Before proceeding two cautionary notes are in order. If the physical attributes of the
building affect profit only as a productivity enhancing capital input, then we can make a case for
treating building quality as exogenous. On the other hand, if building quality is a workplace
amenity, then high performing companies may seek attractive office space in order to appease
their workers (which could translate into lower wage costs). In this case building quality could be
endogenous. Partly for that reason, we do not include building quality measures in the Table 5
regressions. This gives our models a reduced form interpretation.

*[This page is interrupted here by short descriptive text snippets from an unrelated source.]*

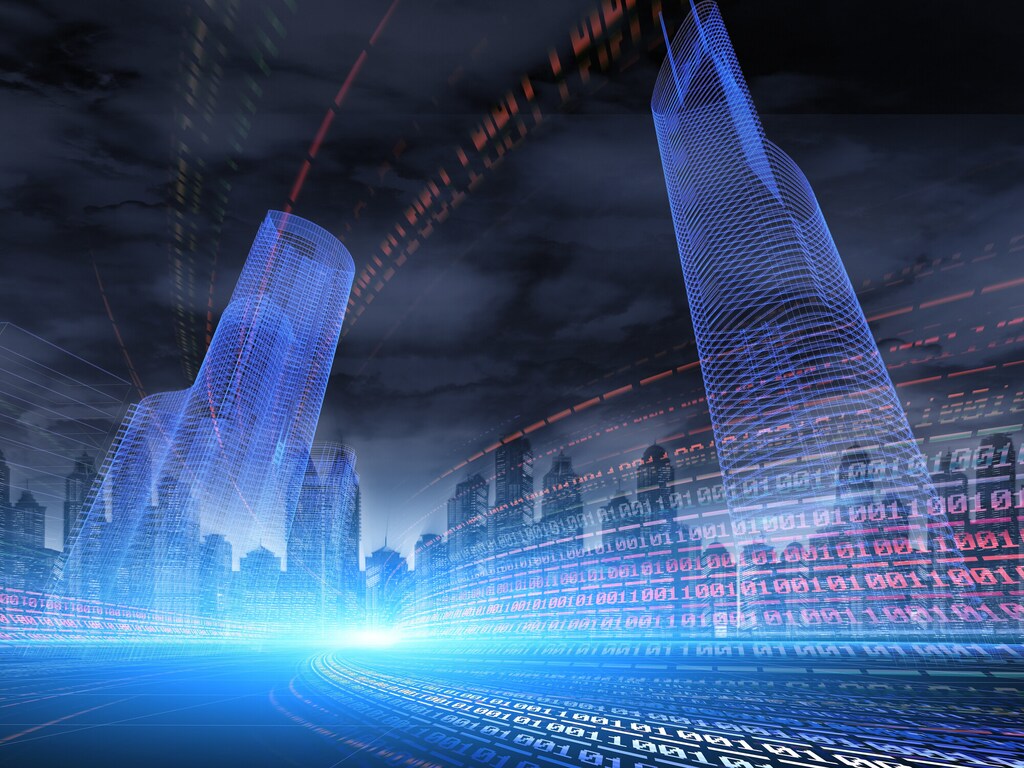 graphic showing a modern digital city with binary data flows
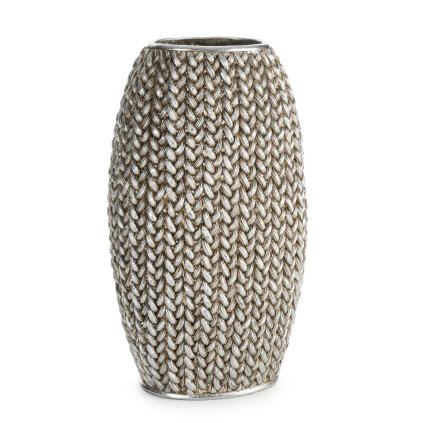 DEKORAČNÍ VÁZA MOLI 16X12X27 CM STŘÍBRNÁ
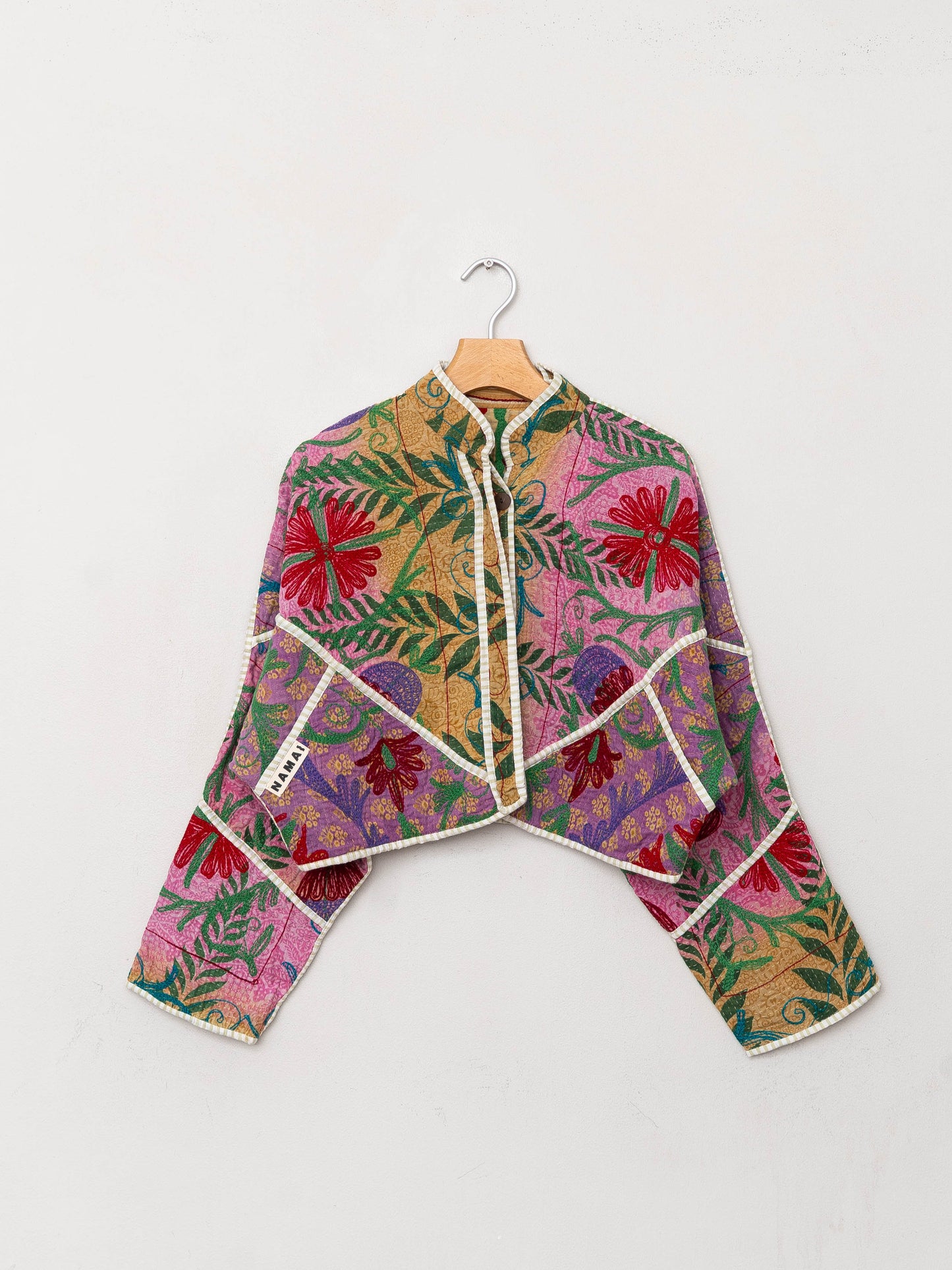 The Kaira Cropped Suzani Quilted Kantha Jacket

It is also important to recognize that estimates in Table 5 may be driven in part by
endogenous sorting of productive non-anchor tenants into buildings in which anchors are present
(and that the same may be true in reverse). This would upward bias estimates of the causal effect
of spillovers arising from proximity to an anchor. Nevertheless, as with the location models in the
earlier tables, if endogenous sorting is driven by anticipated benefits from proximity to an anchor,
then evidence of a positive, significant association between sales per worker and proximity to an
anchor supports the view that productivity spillovers are present.
28
Bearing the above caveats in mind, observe that the patterns in Table 5 closely mirror
those for the employment share models in Table 4b. Most important, the coefficients on own-
industry anchors in the target building are positive and highly significant. For Retail the
coefficient is $26,990 with a t-ratio of 5.0; for Law the coefficient is $105,345 with a t-ratio of
10.35. The corresponding coefficients for anchors in adjacent building are much smaller and not
significant. These patterns are suggestive that sorting into specialized buildings increases labor
productivity for Retail and Law establishments. The pattern is especially strong for Law.13
V. Conclusions
This paper considers agglomeration in a novel way. Instead of working with city or
metropolitan level or distance-based spatial units, this paper uses individual buildings as the
spatial unit, focusing on the understudied commercial sector that dominates downtowns.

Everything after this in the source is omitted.